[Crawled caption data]
+===+
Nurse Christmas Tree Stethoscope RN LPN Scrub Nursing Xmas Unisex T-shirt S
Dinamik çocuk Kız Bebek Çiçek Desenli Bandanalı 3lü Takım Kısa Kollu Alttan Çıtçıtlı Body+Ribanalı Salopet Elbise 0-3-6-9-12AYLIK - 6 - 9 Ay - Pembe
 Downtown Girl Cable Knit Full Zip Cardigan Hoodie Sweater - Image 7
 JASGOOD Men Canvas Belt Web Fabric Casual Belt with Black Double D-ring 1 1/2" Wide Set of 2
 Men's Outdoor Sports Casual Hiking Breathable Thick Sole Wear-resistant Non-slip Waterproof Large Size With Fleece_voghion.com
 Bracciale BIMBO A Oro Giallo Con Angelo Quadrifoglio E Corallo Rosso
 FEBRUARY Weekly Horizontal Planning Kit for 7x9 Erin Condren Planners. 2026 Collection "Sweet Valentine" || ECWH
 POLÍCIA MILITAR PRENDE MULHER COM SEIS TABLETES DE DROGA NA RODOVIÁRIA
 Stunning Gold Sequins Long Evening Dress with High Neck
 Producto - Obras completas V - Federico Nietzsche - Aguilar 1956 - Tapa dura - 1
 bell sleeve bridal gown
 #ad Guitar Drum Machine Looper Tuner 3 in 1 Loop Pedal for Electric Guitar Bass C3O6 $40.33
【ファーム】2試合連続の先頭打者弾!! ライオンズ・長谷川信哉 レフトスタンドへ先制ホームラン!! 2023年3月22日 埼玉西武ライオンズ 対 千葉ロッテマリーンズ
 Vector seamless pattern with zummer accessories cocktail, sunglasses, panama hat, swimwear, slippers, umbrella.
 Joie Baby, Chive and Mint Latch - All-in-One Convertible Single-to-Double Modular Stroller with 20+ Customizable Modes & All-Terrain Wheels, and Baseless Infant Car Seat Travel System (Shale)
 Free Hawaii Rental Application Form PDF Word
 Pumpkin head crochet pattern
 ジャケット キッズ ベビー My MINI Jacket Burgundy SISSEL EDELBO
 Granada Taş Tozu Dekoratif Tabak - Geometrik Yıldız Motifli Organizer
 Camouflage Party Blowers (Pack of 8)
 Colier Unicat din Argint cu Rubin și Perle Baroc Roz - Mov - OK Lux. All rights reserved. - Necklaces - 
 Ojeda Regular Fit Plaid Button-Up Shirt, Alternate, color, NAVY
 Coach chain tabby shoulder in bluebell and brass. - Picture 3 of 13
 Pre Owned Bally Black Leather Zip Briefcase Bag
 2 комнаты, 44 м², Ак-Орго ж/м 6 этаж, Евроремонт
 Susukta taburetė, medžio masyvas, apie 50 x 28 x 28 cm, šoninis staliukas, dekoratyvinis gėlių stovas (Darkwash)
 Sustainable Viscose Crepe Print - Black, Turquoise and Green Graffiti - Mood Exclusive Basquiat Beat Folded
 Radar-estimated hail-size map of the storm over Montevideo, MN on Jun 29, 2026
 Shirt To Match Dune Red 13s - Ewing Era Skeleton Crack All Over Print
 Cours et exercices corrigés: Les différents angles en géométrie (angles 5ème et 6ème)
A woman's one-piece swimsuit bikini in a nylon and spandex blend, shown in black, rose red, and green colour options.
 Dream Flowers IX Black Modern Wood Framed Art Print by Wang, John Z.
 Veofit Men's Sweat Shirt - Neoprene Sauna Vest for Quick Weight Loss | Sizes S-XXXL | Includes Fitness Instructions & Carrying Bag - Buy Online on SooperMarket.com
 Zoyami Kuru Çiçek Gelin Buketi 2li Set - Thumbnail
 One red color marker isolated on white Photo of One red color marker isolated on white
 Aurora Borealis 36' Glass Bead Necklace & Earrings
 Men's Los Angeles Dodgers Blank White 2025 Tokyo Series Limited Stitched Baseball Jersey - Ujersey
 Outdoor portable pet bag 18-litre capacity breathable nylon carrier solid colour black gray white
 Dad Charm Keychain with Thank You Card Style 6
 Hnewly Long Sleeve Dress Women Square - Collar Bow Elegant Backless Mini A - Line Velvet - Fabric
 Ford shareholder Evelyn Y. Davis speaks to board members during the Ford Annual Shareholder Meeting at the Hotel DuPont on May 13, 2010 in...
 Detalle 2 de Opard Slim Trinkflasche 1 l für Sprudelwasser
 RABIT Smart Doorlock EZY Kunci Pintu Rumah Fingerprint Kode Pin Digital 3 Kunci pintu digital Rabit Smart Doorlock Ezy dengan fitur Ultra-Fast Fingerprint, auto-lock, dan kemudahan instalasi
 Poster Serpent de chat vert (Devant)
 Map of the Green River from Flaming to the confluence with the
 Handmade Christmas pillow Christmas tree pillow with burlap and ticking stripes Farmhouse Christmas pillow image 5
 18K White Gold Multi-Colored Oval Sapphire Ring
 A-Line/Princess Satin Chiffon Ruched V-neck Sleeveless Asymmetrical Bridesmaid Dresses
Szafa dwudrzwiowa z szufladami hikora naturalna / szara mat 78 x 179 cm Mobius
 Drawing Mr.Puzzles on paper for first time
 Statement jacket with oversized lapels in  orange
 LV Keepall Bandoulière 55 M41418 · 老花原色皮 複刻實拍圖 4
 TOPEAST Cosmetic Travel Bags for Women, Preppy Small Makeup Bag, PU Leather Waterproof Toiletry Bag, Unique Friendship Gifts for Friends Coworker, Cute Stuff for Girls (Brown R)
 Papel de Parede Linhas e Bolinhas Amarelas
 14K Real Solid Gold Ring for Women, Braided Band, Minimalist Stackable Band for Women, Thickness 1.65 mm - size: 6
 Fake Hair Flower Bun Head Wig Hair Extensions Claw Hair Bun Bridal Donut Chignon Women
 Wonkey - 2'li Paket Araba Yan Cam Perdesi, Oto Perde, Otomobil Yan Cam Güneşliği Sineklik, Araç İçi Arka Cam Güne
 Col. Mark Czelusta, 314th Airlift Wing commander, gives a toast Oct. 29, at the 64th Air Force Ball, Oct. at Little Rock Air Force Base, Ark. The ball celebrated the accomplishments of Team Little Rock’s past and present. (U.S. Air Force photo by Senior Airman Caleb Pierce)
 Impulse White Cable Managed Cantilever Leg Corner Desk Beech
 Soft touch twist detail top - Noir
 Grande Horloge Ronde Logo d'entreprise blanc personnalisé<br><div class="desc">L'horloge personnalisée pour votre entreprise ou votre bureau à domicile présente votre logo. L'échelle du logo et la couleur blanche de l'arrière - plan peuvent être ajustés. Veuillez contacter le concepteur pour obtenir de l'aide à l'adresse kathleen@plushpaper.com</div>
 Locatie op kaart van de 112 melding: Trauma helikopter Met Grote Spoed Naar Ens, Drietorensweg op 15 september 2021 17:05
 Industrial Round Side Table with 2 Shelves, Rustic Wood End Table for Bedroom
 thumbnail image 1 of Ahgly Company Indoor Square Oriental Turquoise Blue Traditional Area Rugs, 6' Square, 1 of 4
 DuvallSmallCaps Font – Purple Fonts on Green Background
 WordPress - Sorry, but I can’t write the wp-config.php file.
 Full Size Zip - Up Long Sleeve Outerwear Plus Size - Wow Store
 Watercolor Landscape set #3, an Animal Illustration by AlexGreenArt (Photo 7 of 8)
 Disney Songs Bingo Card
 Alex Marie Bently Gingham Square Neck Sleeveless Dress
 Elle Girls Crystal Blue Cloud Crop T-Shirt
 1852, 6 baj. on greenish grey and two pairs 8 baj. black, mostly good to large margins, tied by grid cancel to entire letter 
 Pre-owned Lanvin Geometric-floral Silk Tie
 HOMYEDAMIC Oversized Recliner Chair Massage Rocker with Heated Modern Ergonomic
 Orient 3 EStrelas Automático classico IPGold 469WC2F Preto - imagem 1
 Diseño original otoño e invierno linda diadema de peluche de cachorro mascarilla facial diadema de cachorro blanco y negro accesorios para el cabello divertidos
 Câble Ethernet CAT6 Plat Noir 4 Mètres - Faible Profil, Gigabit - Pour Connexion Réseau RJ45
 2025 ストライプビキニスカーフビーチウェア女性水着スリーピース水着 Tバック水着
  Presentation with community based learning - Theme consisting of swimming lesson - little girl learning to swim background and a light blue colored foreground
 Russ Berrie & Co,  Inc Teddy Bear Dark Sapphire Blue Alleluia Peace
+===+
• The task
From the entries above, extract only the lines running from the one containing "JASGOOD Men Canvas" through the one containing "Shirt To Match", inclusive.

• Result for this task
 JASGOOD Men Canvas Belt Web Fabric Casual Belt with Black Double D-ring 1 1/2" Wide Set of 2
 Men's Outdoor Sports Casual Hiking Breathable Thick Sole Wear-resistant Non-slip Waterproof Large Size With Fleece_voghion.com
 Bracciale BIMBO A Oro Giallo Con Angelo Quadrifoglio E Corallo Rosso
 FEBRUARY Weekly Horizontal Planning Kit for 7x9 Erin Condren Planners. 2026 Collection "Sweet Valentine" || ECWH
 POLÍCIA MILITAR PRENDE MULHER COM SEIS TABLETES DE DROGA NA RODOVIÁRIA
 Stunning Gold Sequins Long Evening Dress with High Neck
 Producto - Obras completas V - Federico Nietzsche - Aguilar 1956 - Tapa dura - 1
 bell sleeve bridal gown
 #ad Guitar Drum Machine Looper Tuner 3 in 1 Loop Pedal for Electric Guitar Bass C3O6 $40.33
【ファーム】2試合連続の先頭打者弾!! ライオンズ・長谷川信哉 レフトスタンドへ先制ホームラン!! 2023年3月22日 埼玉西武ライオンズ 対 千葉ロッテマリーンズ
 Vector seamless pattern with zummer accessories cocktail, sunglasses, panama hat, swimwear, slippers, umbrella.
 Joie Baby, Chive and Mint Latch - All-in-One Convertible Single-to-Double Modular Stroller with 20+ Customizable Modes & All-Terrain Wheels, and Baseless Infant Car Seat Travel System (Shale)
 Free Hawaii Rental Application Form PDF Word
 Pumpkin head crochet pattern
 ジャケット キッズ ベビー My MINI Jacket Burgundy SISSEL EDELBO
 Granada Taş Tozu Dekoratif Tabak - Geometrik Yıldız Motifli Organizer
 Camouflage Party Blowers (Pack of 8)
 Colier Unicat din Argint cu Rubin și Perle Baroc Roz - Mov - OK Lux. All rights reserved. - Necklaces - 
 Ojeda Regular Fit Plaid Button-Up Shirt, Alternate, color, NAVY
 Coach chain tabby shoulder in bluebell and brass. - Picture 3 of 13
 Pre Owned Bally Black Leather Zip Briefcase Bag
 2 комнаты, 44 м², Ак-Орго ж/м 6 этаж, Евроремонт
 Susukta taburetė, medžio masyvas, apie 50 x 28 x 28 cm, šoninis staliukas, dekoratyvinis gėlių stovas (Darkwash)
 Sustainable Viscose Crepe Print - Black, Turquoise and Green Graffiti - Mood Exclusive Basquiat Beat Folded
 Radar-estimated hail-size map of the storm over Montevideo, MN on Jun 29, 2026
 Shirt To Match Dune Red 13s - Ewing Era Skeleton Crack All Over Print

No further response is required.